Y entonces Clive Staple Lewis, la persona más devota que John conocía, dijo la única blasfemia que su amigo le conocería en más de cincuenta años de relación.
—Entonces John, por Dios, manda al demonio a los lectores.
Y antes de que el anonadado profesor pudiera responder, su colega continuó:
—Eres la primera persona a la que le cuento esto, pero estoy listo para escribir mi propia fantasía; y se parece más a tu estilo que al de Charles. Aún así, no la estoy escribiendo para él, ni para ti, aunque sé que tarde o temprano les mandaré un borrador. ¿Conoces a la hija de Owen?
— ¿Lucy?
—Una niña encantadora, curiosa como ella sola. Esta nueva historia es para esa criatura, John, sólo para ella. No importa que después la publique, cuando me siento en mi escritorio no pienso en editores, publico, ni siquiera en ustedes. Estoy contándole una historia a mi ahijada, y eso es suficiente para que me sienta libre. A los estudiantes les decimos que es valioso escribir para uno mismo, pero no se puede negar que a veces necesitamos que alguien más nos lea; pero ese es el gran secreto para combatir la presión: sólo necesitamos a un lector.
—Clive, ¿quisieras tú…?
—No, John. Me honra, pero si yo te proporcionara esa seguridad hace mucho que habrías salido de este bloqueo. No te preocupes, sigues siendo el mismo viejo testarudo al que nominé al Nobel, y siempre tendrás mi apoyo, pero en este momento no necesitas sentir que compites con nosotros, y no lo tomo como una ofensa a nuestra amistad. ¿Has pensado en…pedirle…a tu mujer?
John sintió en ese momento que su afecto por su amigo crecia aún más; sabía que entre su esposa y su mejor amigo no existía el menor afecto, y si éste estaba dispuesto a renunciar a su posición como primer lector…

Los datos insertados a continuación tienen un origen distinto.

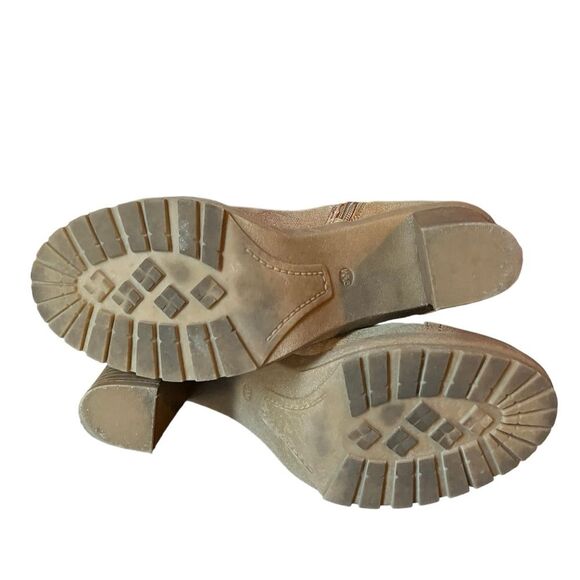 Beige Tan Quilted G by GUESS Gloss Zippered Buckled Heeled Boots Size 9.5 - Picture 5 of 5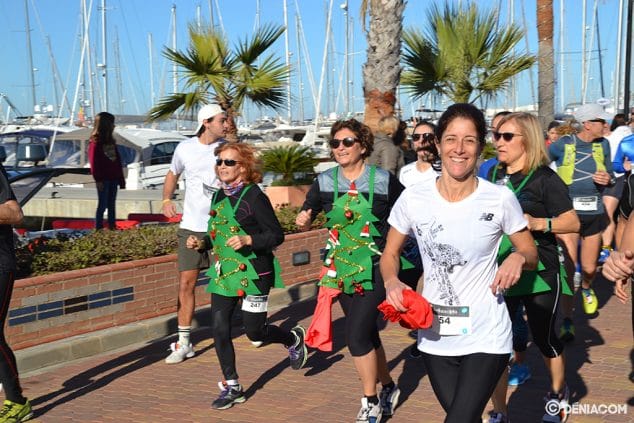 el arbol de navidad en plena carrera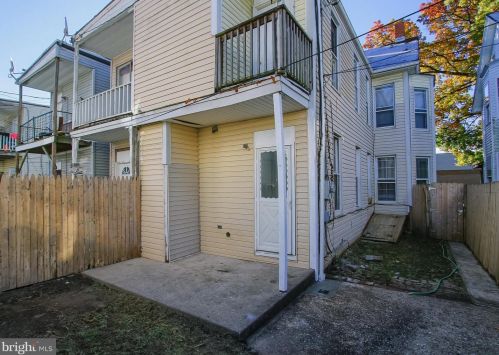 1948 Derry St, Harrisburg PA 17111-2652 exterior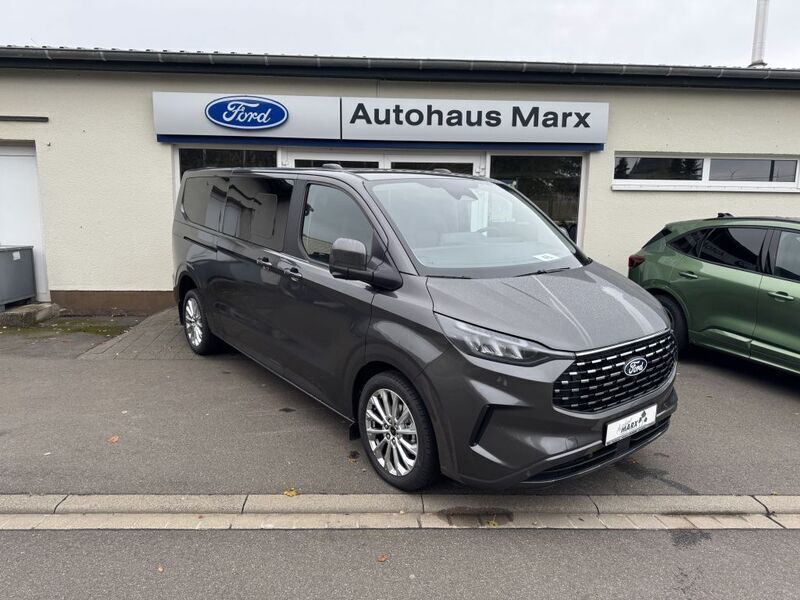 Gebraucht Ford Tourneo Custom Titanium 150 PS (110 kW) 2024 Grau Van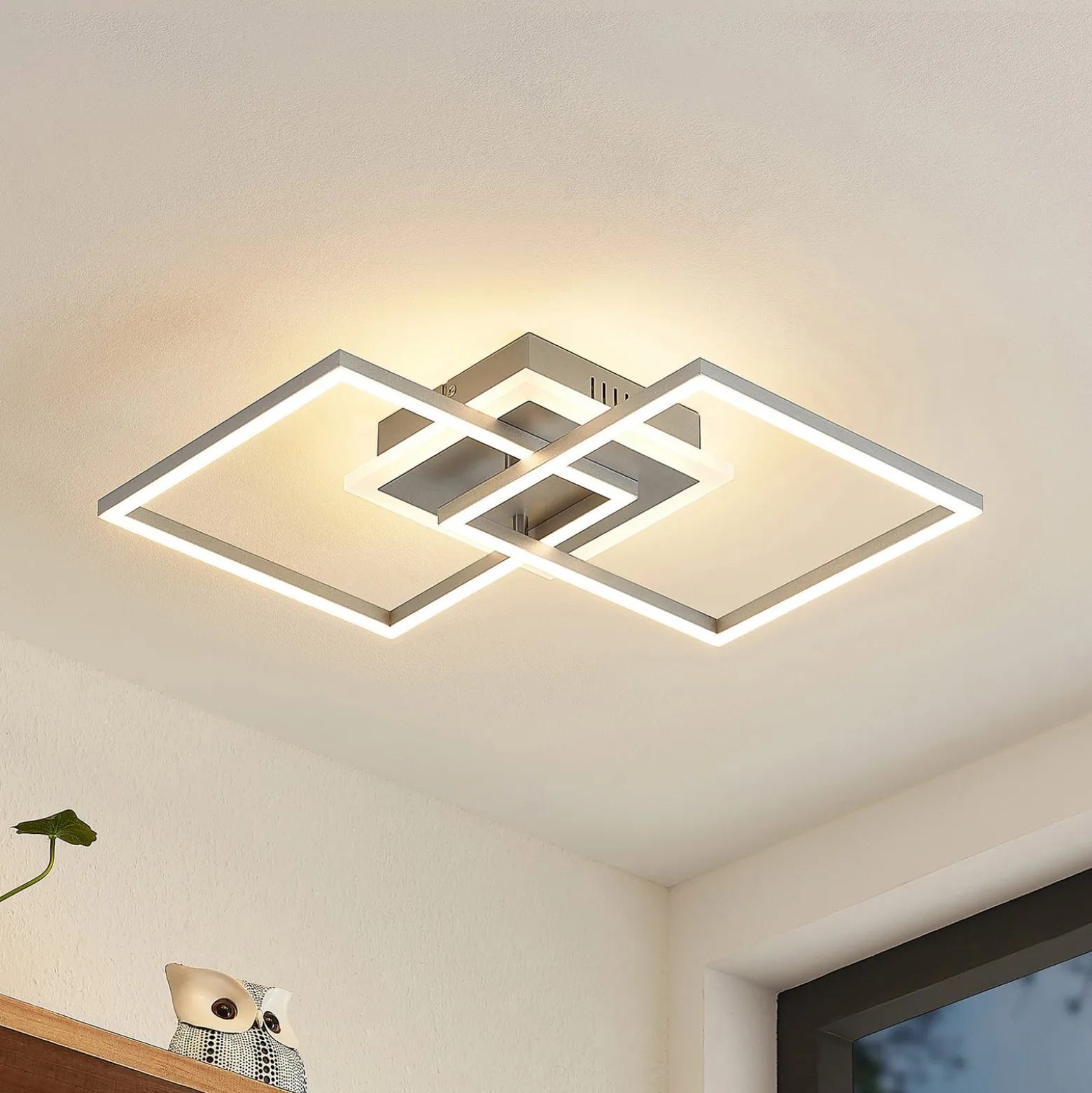 Lindby LED-kattovalaisin Fjardo, kulmikas, hopea, CCT, kaukosäädin
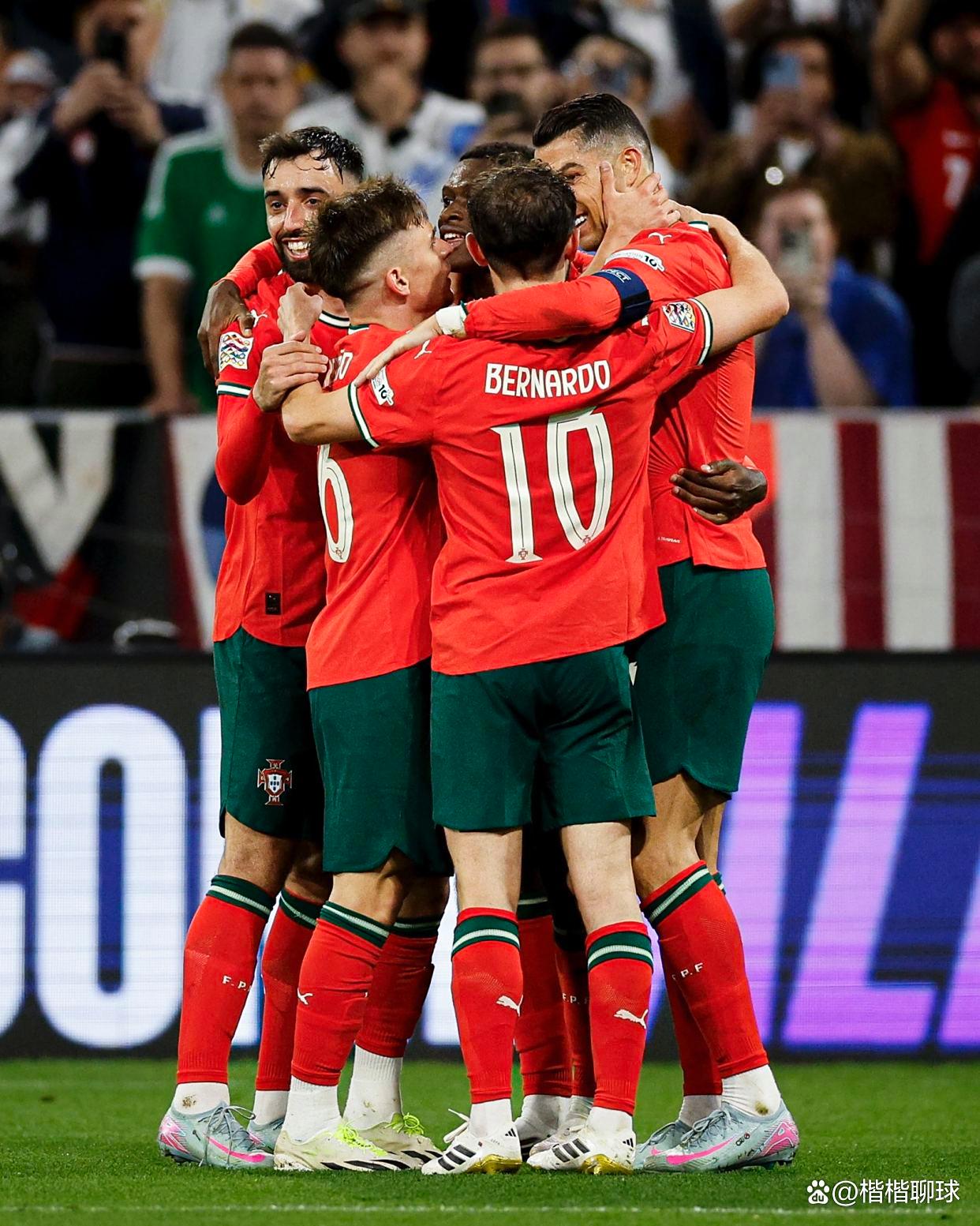 爱游戏体育-包含欧洲足球比赛临近收官，球迷期待冠军问世的词条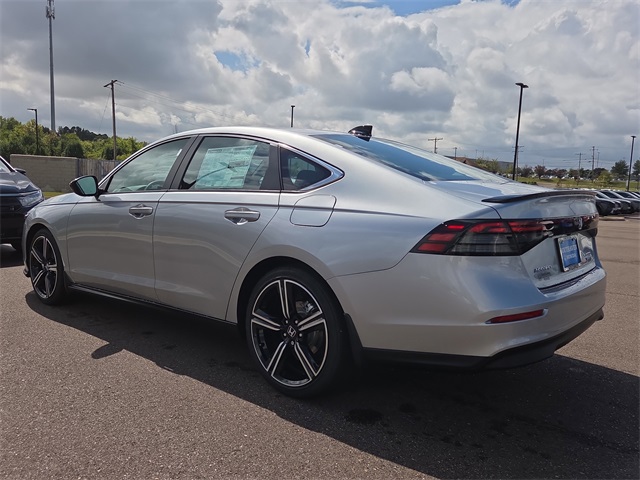 2025 Honda Accord Hybrid Sport photo 3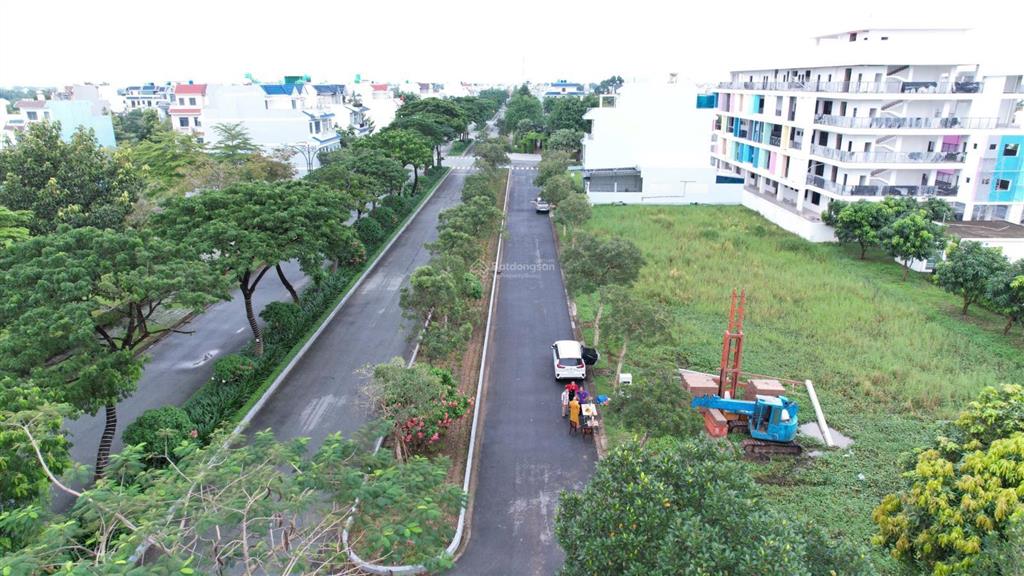 Bán lô góc trong kđt năm sao 141m2 giá 4ty6 (thương lượng nhẹ)  0931 112 *** ngân
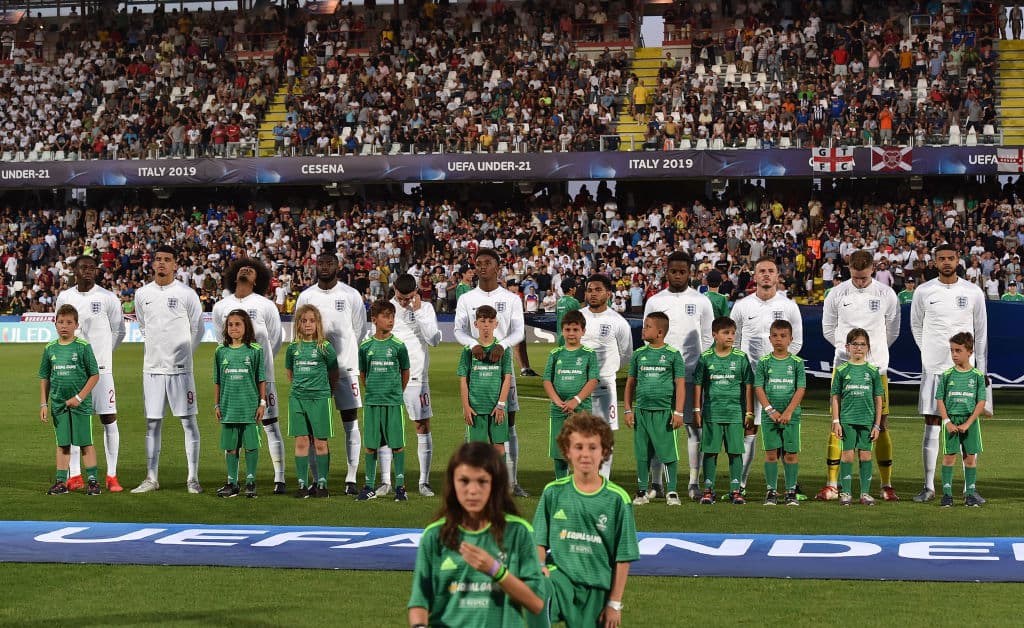 Inglaterra alistándose para el cotejo contra uno de sus rivales deportivos históricos más grandes.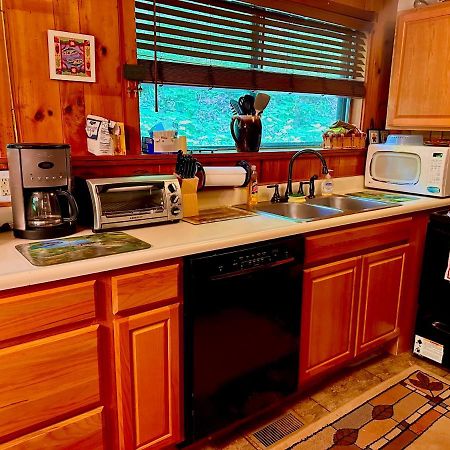 Buckberry Creek Chalet Gatlinburg Exterior photo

—No, no —lo tranquilizó—Edith inspira todo lo que hago, pero nunca se ha sentido cómoda en este mundo. Además, está muy angustiada, extraña a los chicos, tiene miedo del correo…
Y sintió como su garganta se cerraba, pues ponerlo en palabras hacía que aquel temor se volviera real de golpe. No podía terminar la idea.
—Es sólo una escuela de adiestramiento, John. Sudáfrica está muy lejos, estará bien.
—Pronto terminará su instrucción Clive, y si la guerra se alarga. No, no puedo ni siquiera pensarlo, aún no ha cumplido los veinte.
—Volverá. Si hay alguien que desea más que yo ver ese libro terminado es ese hijo tuyo que tienes. Sería capaz de enfrentar al mismo infierno con tal de regresar a casa.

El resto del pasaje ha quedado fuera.